M - Oui, j'aime ça, mais j'ai quand même hâte de terminer, j'ai hâte de travailler à temps plein. De toute façon, j'ai tellement de travaux puis de devoirs que je n'ai pas tant le temps de dépenser pour l'instant.

S - Maryka, toi tu veux être une professeure. À quel niveau tu aimerais enseigner?

M - Moi, je fais mon baccalauréat au préscolaire/primaire, mais j'aime beaucoup le troisième cycle, j'aime beaucoup les grands.

S - Oui, les grands!

M - Les préados, oui!

S - Les préados… Quand tu vas devenir un prof, pas si tu deviens, quand tu vas devenir, est-ce qu'il y a quelque chose que tu aimerais montrer aux jeunes ? Ton énergie, ton expérience, y’a-tu quelque chose que tu aimerais amener de différent ?

M – Déjà, quand je fais de la suppléance, des fois, les élèves ne comprennent pas pourquoi je suis étudiante à mon âge. Puis là, je leur explique que moi j'avais un rêve, puis que je suis en train de le réaliser.  J'ai appris qu'il n'est jamais trop tard puis qu'on peut avoir plein de métiers si on veut. Donc, c'est ça.

S - On peut réaliser des choses, puis savoir ce qu'on a le goût de faire. Parce qu’aussi, quand tu étais jeune peut-être, des fois c'est dur à 16 ans décider: «Moi, je veux être ça».

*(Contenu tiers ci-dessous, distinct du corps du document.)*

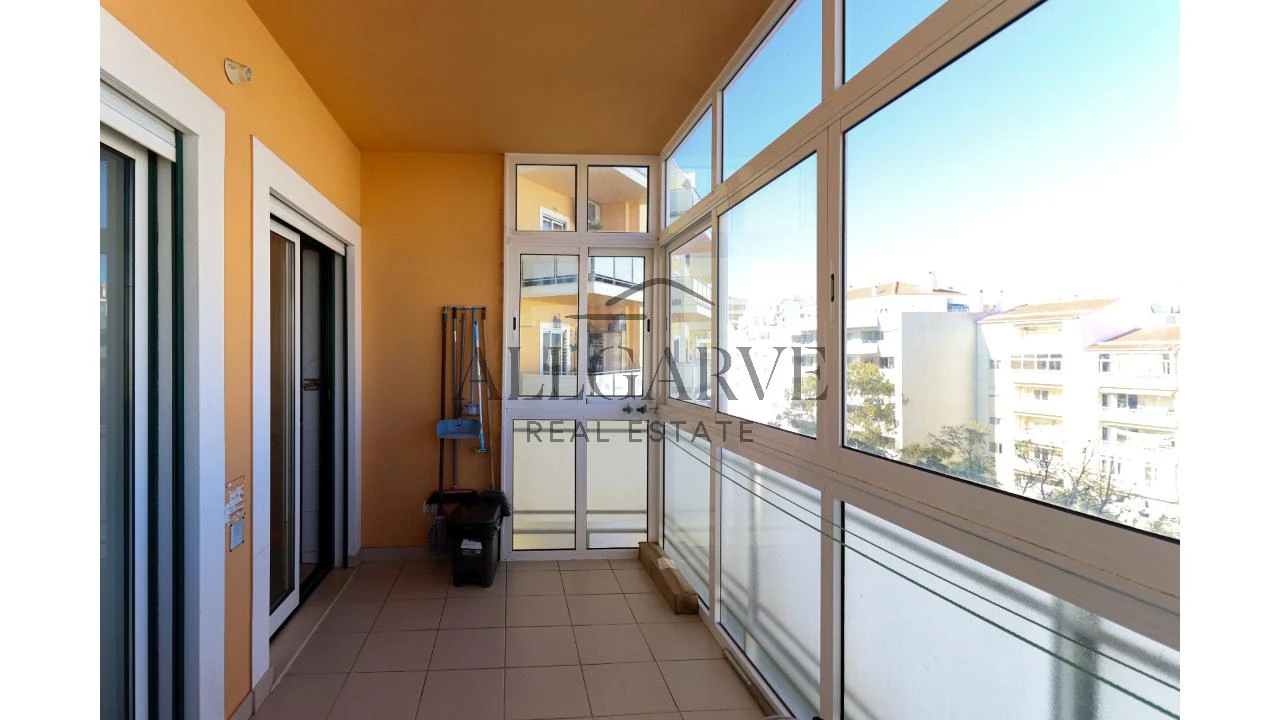 Apartamento T3 para Venda em Portimão Foto 16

M - Je pense qu'on ne se connait pas.

S - On ne se connait pas du tout !

M - Non, c'est difficile. Il y a tellement de choix, puis, moi, personnellement dans ma famille, on était une grosse famille. L'Université pour moi ce n'était pas... Je pensais que c'était les médecins, je me disais que je n'étais pas assez brillante pour aller à l'Université.

Je voyais ça gros.

Puis, quand j'ai reçu ma lettre d'acceptation à l'Université, juste d'avoir le papier «Vous êtes acceptée», j'étais comme: «Oh mon dieu!» Je pense que ça aurait été assez! Des fois je ne réalise pas encore, je suis là et je vois ça gros. Mais je me dis que, bien oui, je suis capable!

S - Ça vient d'où cette gêne-là, de te dire: «Ah, moi, je ne peux pas»?

M - Je pense que quand j'étais plus jeune, j'étais moins bonne à l'école. J'avais de moins bons résultats, ma concentration était plus difficile, mais j'étais une bonne élève quand même. Je participais, mais c'était plus difficile pour moi.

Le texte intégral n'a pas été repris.